Summer was much loved by this community & I respect that, please respect our wishes.

Thanks.
Sach


----------



## Guy (Jun 27, 2017)

This is very sad news, condolences to her family and friends.


----------



## Iannathedriveress (Jun 27, 2017)

I'm really sad, I'm sorry for her family to go through this.


----------



## bigbob10000 (Jun 27, 2017)

She will be missed.


----------



## kentwildt (Jun 27, 2017)

R.I.P. Beautiful Summerg.


----------



## Tracii (Jun 27, 2017)

Awww thats so sad prayers to the family.
I lost a close friend Sat myself


----------



## dave_1673 (Jun 27, 2017)

its so sad i condolences to her family!
R.I.P.


----------



## Yakatori (Jun 27, 2017)

You could've been a bit more _diplomatic_ in how you chose to put this across:



DJ_S said:


> "_Please *if you didn't know Summer in person*, be respectful of her privacy. Sach_"


After all, some really do take these relationships to heart:



Blackjack said:


> I don't have many details, but she passed away on the morning of June 25 surrounded by family and loved ones.
> 
> The world is lessened in her absence; *she was one of the most wonderful people I've ever encountered in my life*.



Then again, maybe you're not feeling so _diplomatic_ about it, in which case, you can't really be so surprised at how some might choose to respond in kind.

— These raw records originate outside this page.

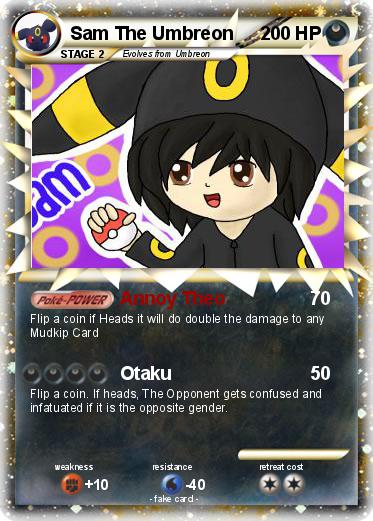 Pokemon Sam The Umbreon
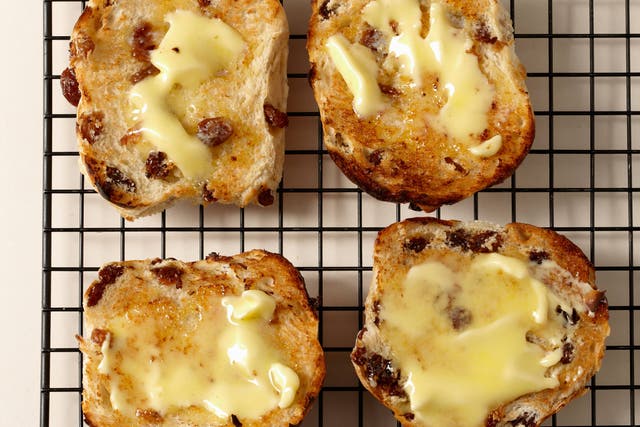 There’s more to be done with hot cross buns than just toasting (Alamy/PA)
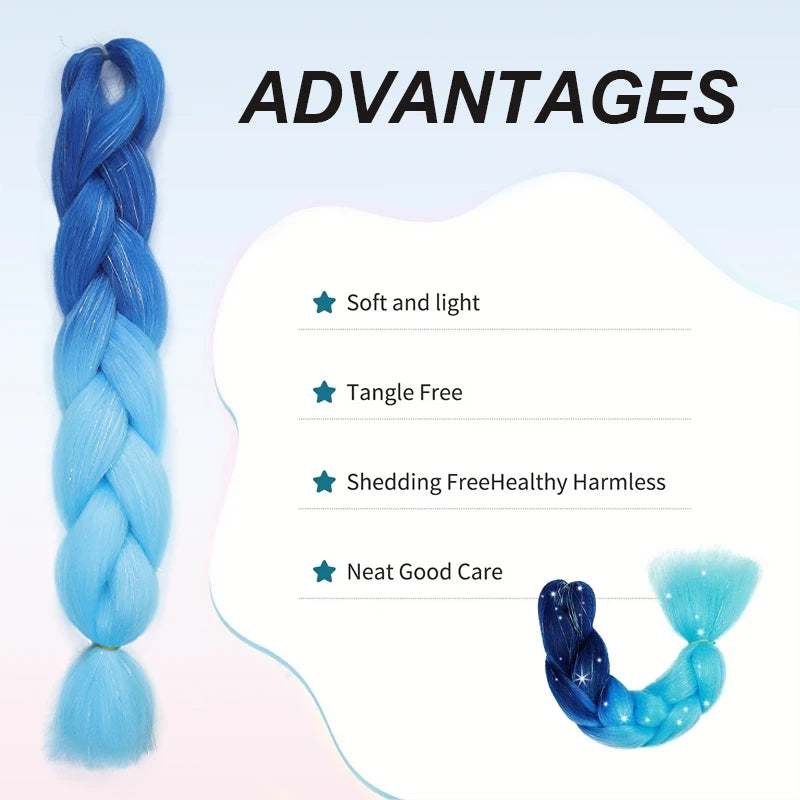 Colorful synthetic rainbow hair extensions from Corporación Turística, featuring shiny, vibrant hair strands.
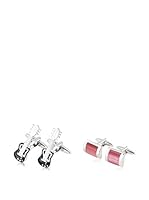 SILVIO SILVANI Dos Pares Gemelos Fantasía De Guitarra Eléctrica Negra Y Clásicos Con Piedra Rosa Negro / Rosa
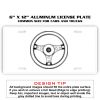 6 X 12 Full Size Aluminum License Plate for Cars and Trucks  Thumbnail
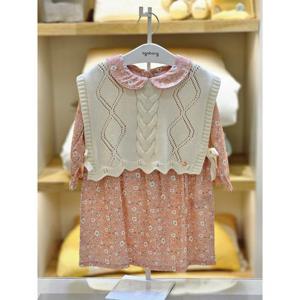 아가방 세이브존02 핑크 플라워원피스조끼 02s534053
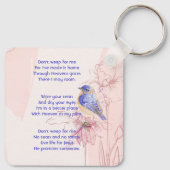 Porte-clés Christian Memorial Keepsake  Bluebird Garden  (Dos)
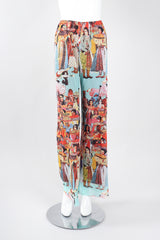 Recess Los Angeles Designer Consignment Vintage Jean Paul Gaultier 90s Soleil Mesh Bollywood Print Pant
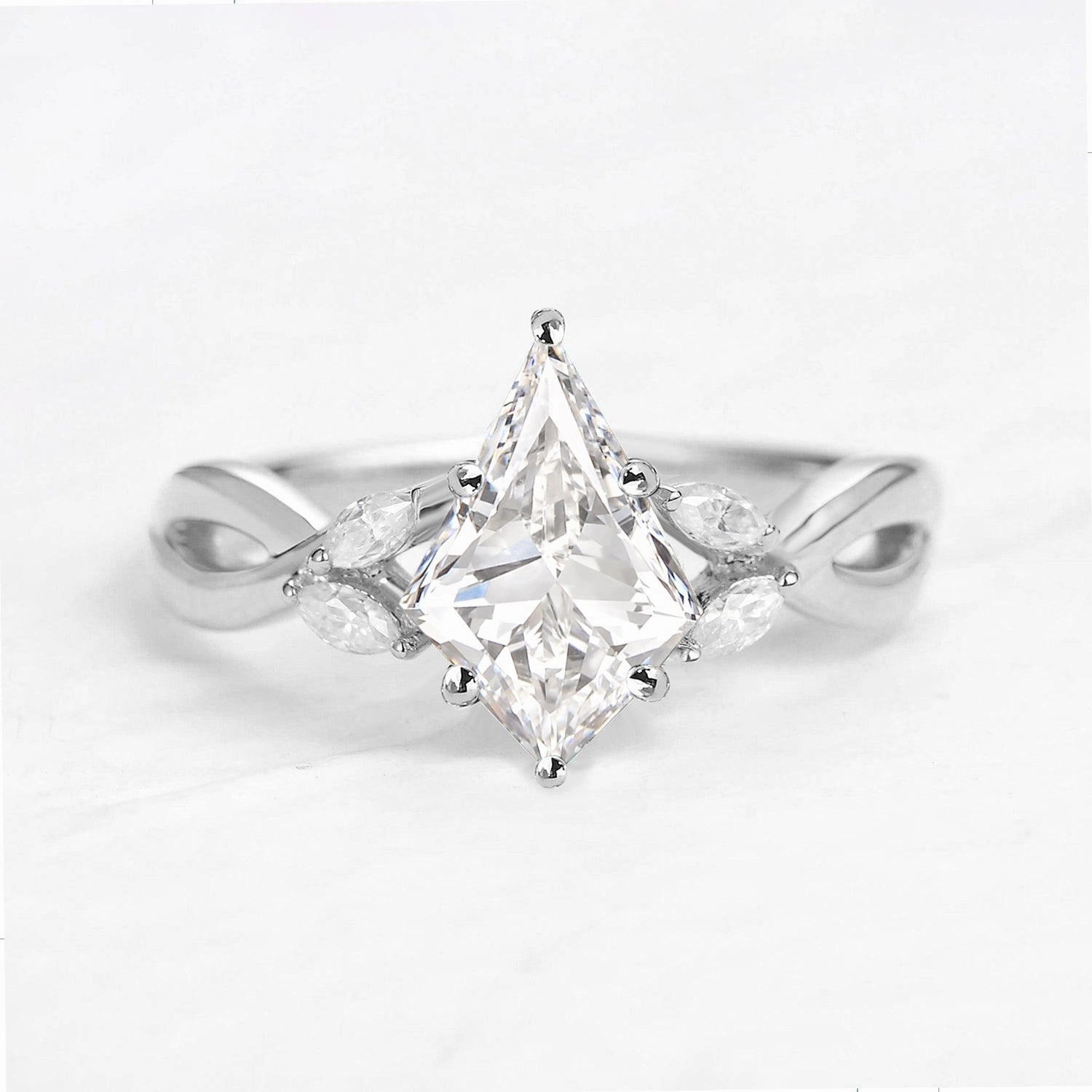 Value Style 1.5ct Kite Shaped Lab Grown Diamond Engagement Ring - Ori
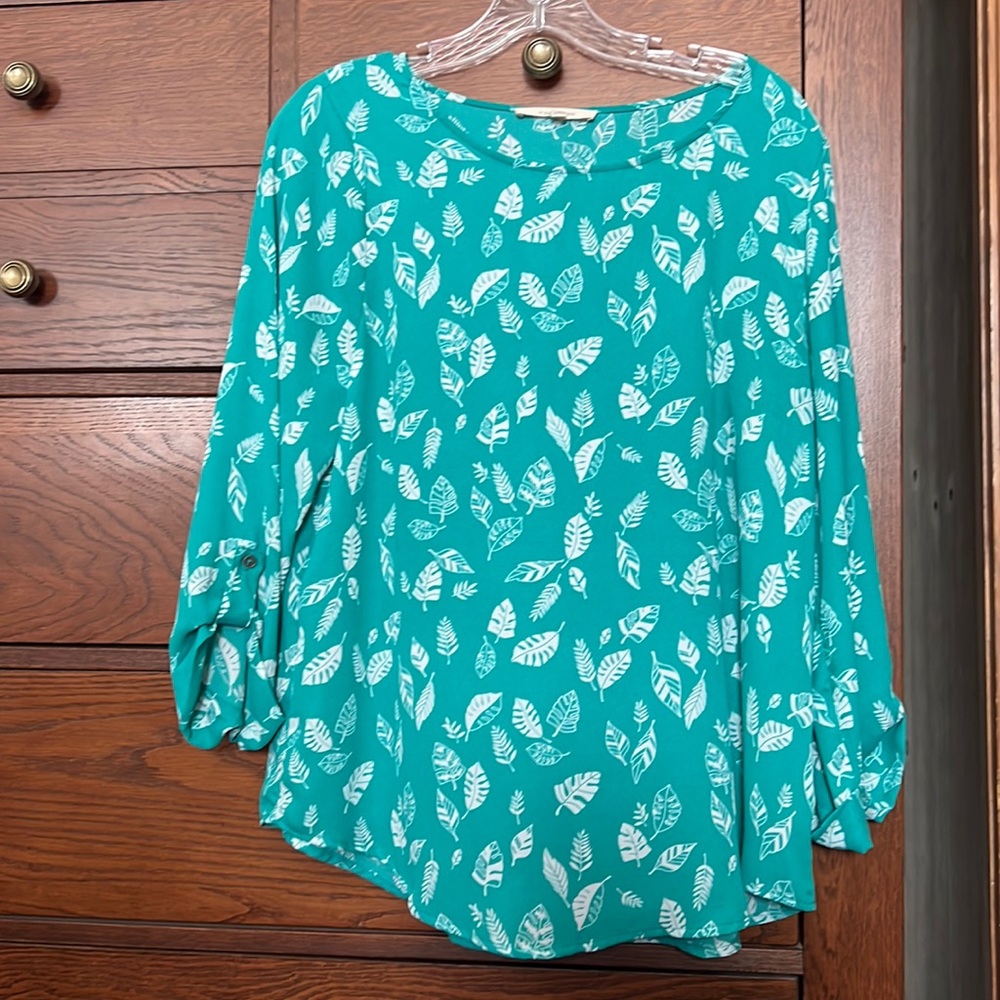 Green blouse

Of course, I can only really speak for myself, not really knowing her at all. For which, even then, it's still disheartening to hear of yet another part of this once more vibrant community prematurely separated from some intrinsic part of itself.


----------



## Green Eyed Fairy (Jun 27, 2017)

My condolences for her family and friends


----------



## LoveBHMS (Jun 27, 2017)

Yakatori said:


> You could've been a bit more _diplomatic_ in how you chose to put this across:
> 
> After all, some really do take these relationships to heart:
> 
> ...



The man's wife just died. He doesn't have to worry about diplomacy. I suspect he was more likely fearing a potential public discussion about her cause of death which while obviously not appropriate, might happen.


----------



## MistahSmooth_CT (Jun 27, 2017)

My condolences go out to her friends and family.


----------



## wrestlingguy (Jun 27, 2017)

I'm so sorry to hear of this. My condolences to Sach, her family and her loved ones.


----------



## Marlayna (Jun 27, 2017)

Aww, that's so sad, sincere condolences to her friends and loved ones. RIP, Summer.


----------



## largenlovely (Jun 27, 2017)

my deepest condolences  i'm so sorry for y'alls loss. 



DJ_S said:


> Please if you didn't know Summer in person, be respectful of her privacy.
> 
> Sach


----------



## Kristal (Jun 27, 2017)

Tracii said:


> Awww thats so sad prayers to the family.
> I lost a close friend Sat myself


So sorry to hear. Hugs

Sent from my A571VL using Tapatalk


----------



## Mack27 (Jun 29, 2017)

She seemed to be a very pleasant and fun person. I'm very sorry to hear about this.


----------



## chocolate desire (Jun 29, 2017)

Prayers for her love ones. She will be missed.


----------



## fancyfeast (Jul 9, 2017)

Very sad, sad news. Condolences to Sach & Summer's family. I just found this out on Facebook and am so sad to hear this news. Summer was a very special soul and a wonderful person. She will be dearly missed by so many.


----------



## ssbbwlover (Jul 20, 2017)

May the angels bright watch you tonight and keep you while you sleep.


----------



## CmdrRiker (Jul 29, 2017)

After reading the news, I had, for a while, a hard time believing it was really her. She seemed so happy and well in her videos. Hopefully she was like that to the end, and did not have to suffer.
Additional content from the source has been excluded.